*PROVIDED RECORDS*.
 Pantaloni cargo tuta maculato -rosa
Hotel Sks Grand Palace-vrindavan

--

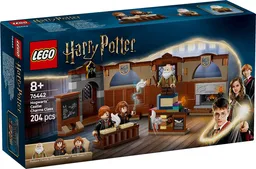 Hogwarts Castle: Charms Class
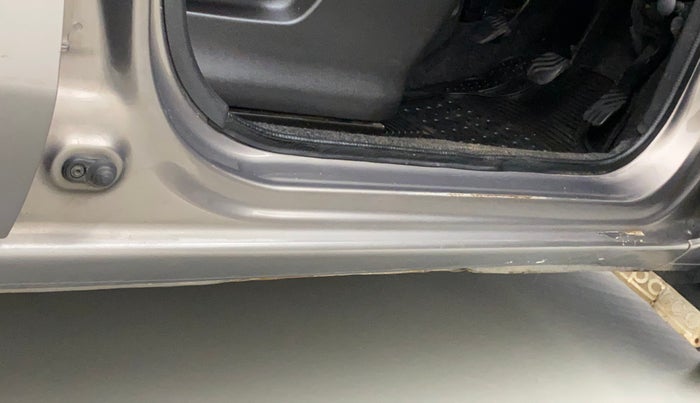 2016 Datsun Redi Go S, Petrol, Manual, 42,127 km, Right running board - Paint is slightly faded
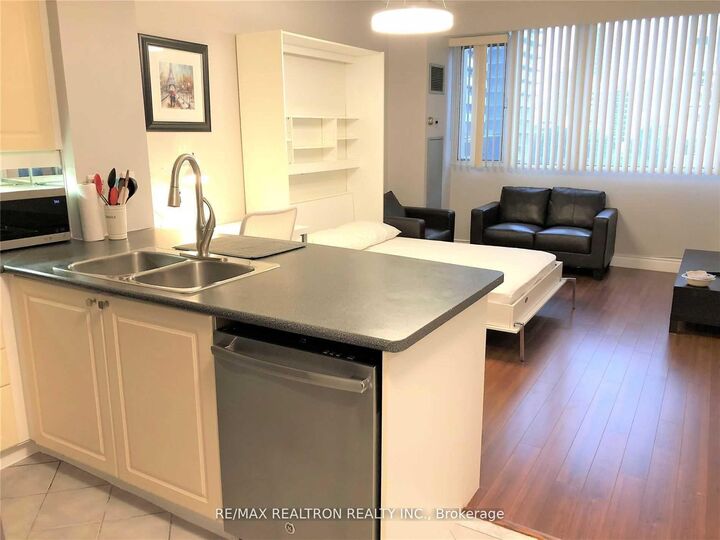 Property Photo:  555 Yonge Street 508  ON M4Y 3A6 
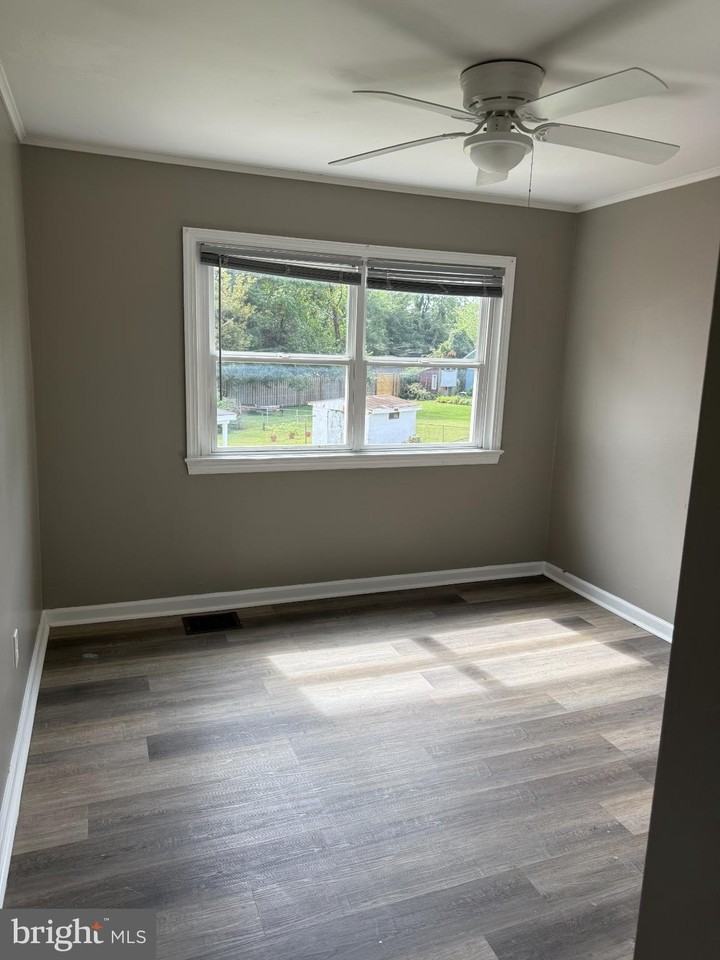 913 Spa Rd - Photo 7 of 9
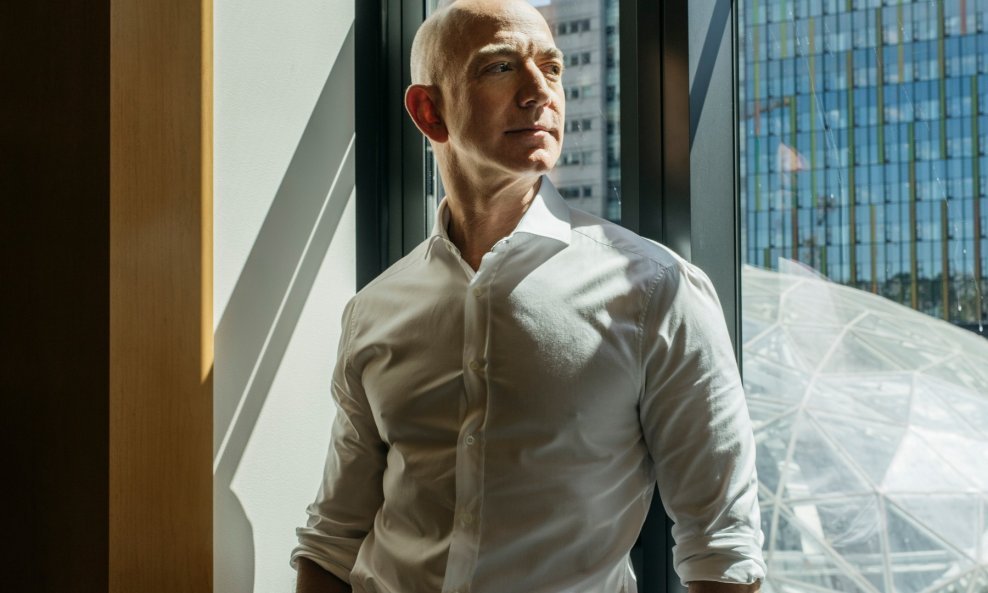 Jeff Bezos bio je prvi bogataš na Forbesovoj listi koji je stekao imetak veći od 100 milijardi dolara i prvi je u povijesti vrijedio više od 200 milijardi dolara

*EXERCISE PROMPT*.
For this exercise, set down the lines in the entries above from the one with "555 Yonge Street" through the one with "Jeff Bezos bio" exactly as written, without any pictures.

*EXERCISE OUTPUT*.
 Property Photo:  555 Yonge Street 508  ON M4Y 3A6 
 913 Spa Rd - Photo 7 of 9
 Jeff Bezos bio je prvi bogataš na Forbesovoj listi koji je stekao imetak veći od 100 milijardi dolara i prvi je u povijesti vrijedio više od 200 milijardi dolara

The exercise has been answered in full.